Speycasting & Levers

By Bintoro Tedjosiswoyo
So what do these three ancient thinkers/philosophers have to do with Speycasting?
A spey rod is a ‘lever’ and is one of the most basic and easiest tools or machinery that humans use – it involves moving a load around a pivot or fulcrum point using a force. The load is the fly line, the rod is the lever and the pivot or the fulcrum point is somewhere between the upper hand and the lower hand.
Levers were first described and formulated around 260 BC by the ancient Greek mathematician Archimedes. Around  1600AD, Galileo Galilei worked out the complete dynamic theory of this simple machinery. And Leonardo Da Vinci included the ‘lever’ as one of the 6 simple machines that shaped human civilization.
There are 3 classes of lever – Class 1, Class 2 and Class 3 lever (see diagram).  Never mind Class 2 lever, we are only concerned with Class 1 and Class 3 levers and their implications in Speycasting.
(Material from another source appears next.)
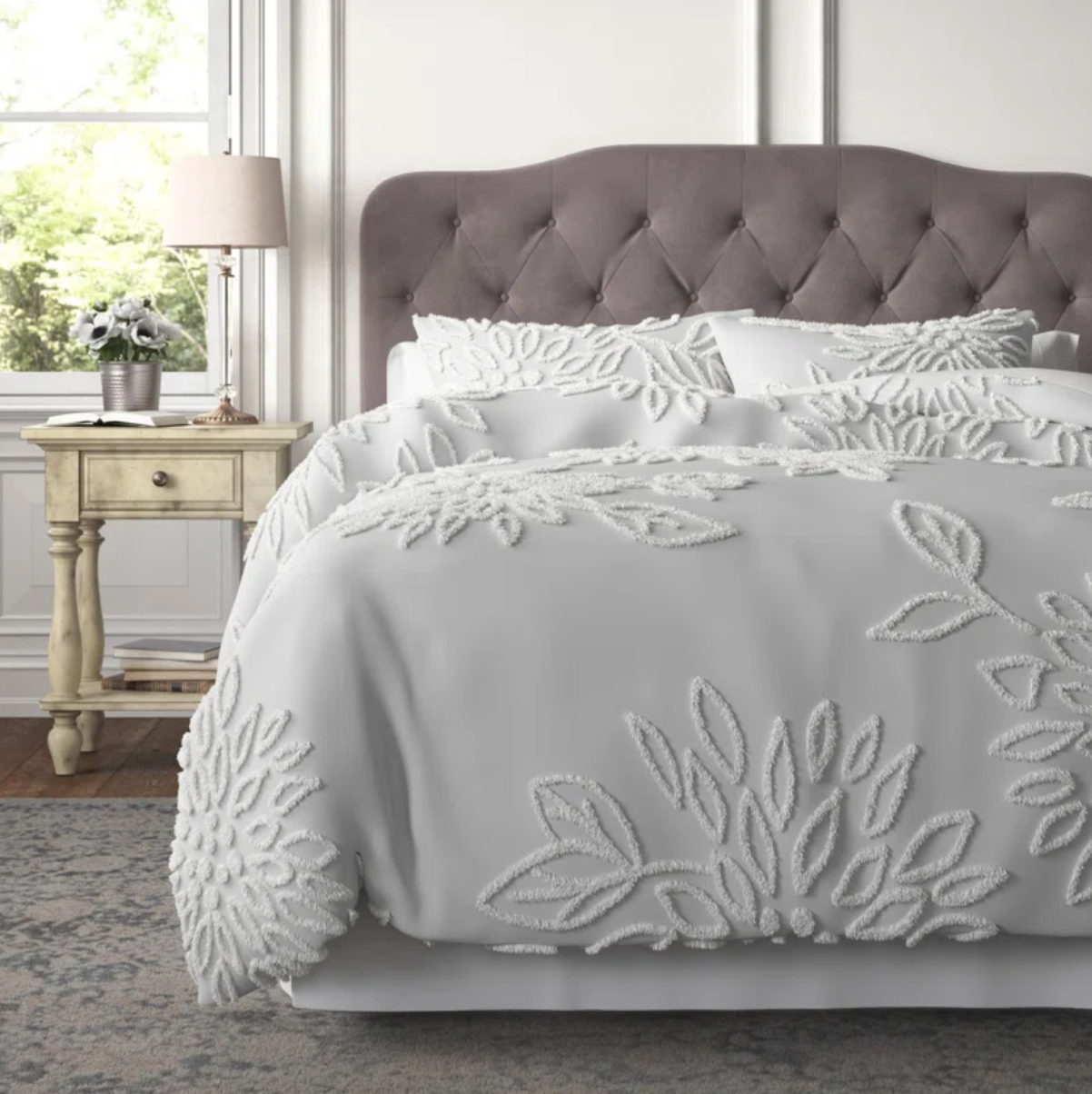 50 Pcs - Bellagio 400-Thread-Count Down Alternative Comforter - King - New  - Retail Ready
Class 1 Lever – the pivot/fulcrum (upper hand) is between the effort (lower hand) and the load (fly line). In an off-center Class 1 lever as in Speycasting, the load is larger than the effort, but is moved through a smaller distance.
Class 3 Lever – the effort is between the pivot/fulcrum (lower hand) and the load.  Typical upper hand dominance problem. It is a common problem for a beginner Speycaster or for those who have are deeply ingrained in a single hand casting muscle memory.   Applying Class 3 only lever resulting in an open arc rod movement and will open up the forward loop.
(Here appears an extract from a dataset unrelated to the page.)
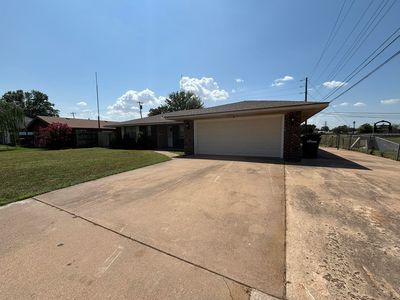 1402 S Hayes St, Enid, OK, 73703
Spey rod and Speycasting is simple machinery at work but there is ‘more twist’ than just Type 1 and/or Type 3 Lever.Good speycasters apply both Class 1 and Class 3 levers by shifting the fulcrum point just slightly below the upper hand. This imaginary fulcrum point enables one to provision the power between the upper and the lower hand (see diagram).   Furthermore, unlike many applications of levers where the fulcrum point is static, in speycasting the fulcrum point is very dynamic. While operating a lever, a speycaster also applies a ‘translation’ at the fulcrum point (see diagram).As in any good fly casting, late rotation or in speycasting,  late fulcrum is desirable to produce effective speycasting. The amount of translation of the fulcrum point and the amount of lever push depends on the type of lines we cast. Longer line (long belly), longer translation and longer pull of the lower handle – shorter line (Scandi, Skagit), shorter translation and shorter or more compact pull of the lower handle.

Thanks to our brain and our tactility we are able to manage this complex multitasking.
Just remember, when you speycast, you are actually operating one of the most ancient forms machinery.